The Carolina Civic Center is located at 315 N. Chestnut St. in Lumberton. The schedule, which includes 10 shows, is as follows:
— Feb. 13 at 8 p.m.: An evening of sophisticated contemporary jazz with vocalist Kellylee Evans and Ensemble. Juno nominated singer-songwriter Kellylee Evans was awarded second in the Monk Competition by Quincy Jones, Kurt Elling and Dee Dee Bridgewater. She has opened for Tony Bennett, Maceo Parker and Chris Botti. Tickets $15.
— Feb. 19 at 4 p.m.: Fayetteville Symphony Orchestra pre-concert orientation for music enthusiasts of all ages. Several FSO musicians and a UNC Pembroke music faculty member give an informal but informative “glimpse” of the Feb. 20 concert by the orchestra, including snippets of the compositions performed by the participating musicians, and an opportunity for participants to ask questions and become more familiar with the basics of classical music and the Feb. 19 concert program. Admission is free.
— Feb. 19 at 7 p.m.: Fayetteville Symphony Orchestra free open rehearsal for area music students of all ages. Watch conductor Fouad Fakhouri work with orchestra musicians. Admission is free.
— Feb. 20 at 7 p.m.: Fayetteville Symphony Orchestra in concert with featured international guest soloist, Egyptian flutist Inès Abdel Daim. The performance, which is supported by a state grant, will immediately be followed by a question and answer session from the podium by FSO conductor Fouad Fakhouri. Afterward, the audience is invited to join members of the orchestra for a free meet-and-greet reception. Tickets $10.
— March 20 at 8 p.m.: The Hunt Family performs original, Celtic, bluegrass, inspirational and popular tunes, offering a unique blend of diversity to every show. Tickets $15.
— March 30 at 7 p.m.: William Shakespeare’s “Twelfth Night” presented by the Burning Coal Theatre Company of Raleigh, one of North Carolina’s premiere theater troupes. Tickets $15.
— April 18 at 8 p.m.: Chapter 6 “vocal band” presents a cappella pop and gospel. Emerging from a college course, Chapter 6 became the premier jazz vocal ensemble at Millikin University in Decatur, Ill., and was crowned the 2001 International Champions of Collegiate A Cappella. Tickets $15.
— May 2 at 8 p.m.: “Influences — Motown Greats.” Four top emerging singer/songwriters showcase classics and favorites from artists like Stevie Wonder, Aretha Franklin and Smoky Robinson while sharing stories and original artistry. Tickets $15.
— May 17 at 4 p.m.: The Winston-Salem Guitar Septet brings seven guitar voices performing everything from Bach to The Beatles. Tickets $10.

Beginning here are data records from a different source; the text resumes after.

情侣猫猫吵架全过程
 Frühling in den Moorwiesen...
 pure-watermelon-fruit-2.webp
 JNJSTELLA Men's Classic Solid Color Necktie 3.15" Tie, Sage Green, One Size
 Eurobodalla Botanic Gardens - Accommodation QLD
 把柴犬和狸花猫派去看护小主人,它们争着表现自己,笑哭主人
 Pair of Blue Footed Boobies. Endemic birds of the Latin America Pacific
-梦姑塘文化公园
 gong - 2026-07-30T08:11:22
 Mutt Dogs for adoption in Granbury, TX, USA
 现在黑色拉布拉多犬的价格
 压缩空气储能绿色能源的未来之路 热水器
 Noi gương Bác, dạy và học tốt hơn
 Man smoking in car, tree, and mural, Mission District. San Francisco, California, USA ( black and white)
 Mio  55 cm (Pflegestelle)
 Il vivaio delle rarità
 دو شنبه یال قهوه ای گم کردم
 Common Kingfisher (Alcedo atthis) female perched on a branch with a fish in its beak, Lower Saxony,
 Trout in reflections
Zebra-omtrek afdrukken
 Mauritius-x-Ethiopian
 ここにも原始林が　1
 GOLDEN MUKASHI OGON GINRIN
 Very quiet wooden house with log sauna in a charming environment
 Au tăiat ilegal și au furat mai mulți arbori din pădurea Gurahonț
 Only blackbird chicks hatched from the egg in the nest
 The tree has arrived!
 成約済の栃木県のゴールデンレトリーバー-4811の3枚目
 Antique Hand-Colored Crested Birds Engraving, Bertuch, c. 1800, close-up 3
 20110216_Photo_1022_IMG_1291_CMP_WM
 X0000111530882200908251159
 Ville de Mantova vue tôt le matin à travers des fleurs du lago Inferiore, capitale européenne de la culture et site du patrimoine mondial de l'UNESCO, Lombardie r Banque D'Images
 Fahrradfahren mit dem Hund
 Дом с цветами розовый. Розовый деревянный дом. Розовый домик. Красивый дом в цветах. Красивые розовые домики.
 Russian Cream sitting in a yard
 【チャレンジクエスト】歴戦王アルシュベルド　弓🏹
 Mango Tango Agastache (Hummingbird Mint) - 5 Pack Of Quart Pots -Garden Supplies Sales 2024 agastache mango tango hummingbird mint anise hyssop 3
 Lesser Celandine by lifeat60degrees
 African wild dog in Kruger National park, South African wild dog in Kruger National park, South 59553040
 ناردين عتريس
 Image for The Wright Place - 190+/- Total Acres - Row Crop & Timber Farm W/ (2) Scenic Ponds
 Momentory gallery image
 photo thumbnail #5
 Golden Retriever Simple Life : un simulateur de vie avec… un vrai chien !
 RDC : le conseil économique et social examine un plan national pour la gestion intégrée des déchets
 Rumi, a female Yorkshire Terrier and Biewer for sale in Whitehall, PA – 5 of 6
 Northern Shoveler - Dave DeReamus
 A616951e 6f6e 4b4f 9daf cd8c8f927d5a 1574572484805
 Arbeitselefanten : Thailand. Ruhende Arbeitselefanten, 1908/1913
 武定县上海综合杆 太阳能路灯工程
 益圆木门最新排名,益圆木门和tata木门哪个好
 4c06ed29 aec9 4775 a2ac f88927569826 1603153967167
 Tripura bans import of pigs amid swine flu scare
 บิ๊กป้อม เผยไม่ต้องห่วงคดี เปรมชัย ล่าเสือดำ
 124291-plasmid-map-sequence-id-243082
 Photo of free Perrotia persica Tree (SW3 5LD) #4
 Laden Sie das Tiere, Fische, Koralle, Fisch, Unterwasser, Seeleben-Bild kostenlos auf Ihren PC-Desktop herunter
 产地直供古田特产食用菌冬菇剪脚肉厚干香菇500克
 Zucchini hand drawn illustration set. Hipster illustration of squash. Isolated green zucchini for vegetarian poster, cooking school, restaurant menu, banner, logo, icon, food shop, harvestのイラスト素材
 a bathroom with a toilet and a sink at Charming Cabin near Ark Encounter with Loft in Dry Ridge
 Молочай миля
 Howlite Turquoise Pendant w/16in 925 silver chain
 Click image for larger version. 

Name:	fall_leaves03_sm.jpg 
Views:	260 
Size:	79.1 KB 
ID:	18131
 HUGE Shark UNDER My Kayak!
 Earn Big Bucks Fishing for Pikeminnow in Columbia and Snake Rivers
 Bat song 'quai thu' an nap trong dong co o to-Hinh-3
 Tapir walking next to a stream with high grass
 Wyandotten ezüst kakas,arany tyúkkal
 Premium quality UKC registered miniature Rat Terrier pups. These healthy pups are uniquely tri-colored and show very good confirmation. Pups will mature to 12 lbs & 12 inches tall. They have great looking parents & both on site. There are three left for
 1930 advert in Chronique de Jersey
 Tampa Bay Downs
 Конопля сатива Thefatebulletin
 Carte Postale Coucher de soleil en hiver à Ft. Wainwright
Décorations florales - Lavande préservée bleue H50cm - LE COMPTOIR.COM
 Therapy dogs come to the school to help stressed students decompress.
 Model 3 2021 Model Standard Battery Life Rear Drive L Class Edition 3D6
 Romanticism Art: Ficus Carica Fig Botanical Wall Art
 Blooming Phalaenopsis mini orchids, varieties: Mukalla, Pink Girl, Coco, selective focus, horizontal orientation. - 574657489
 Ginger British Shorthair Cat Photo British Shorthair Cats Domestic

— July 13 – 25: Theater Arts Summer Camp is held in partnership with the North Carolina Children’s Theatre. For children ages 6 to 17, this performance-based hands-on instruction is geared toward a final public performance of “Trouble in Storybook Land.” Skills learned include dance, vocal performance, theater etiquette, scene studies, improvisation, prop-making, costuming and other technical issues. Participation fee is $120 per student.
This schedule does not include the shows and events produced by outside parties renting the space.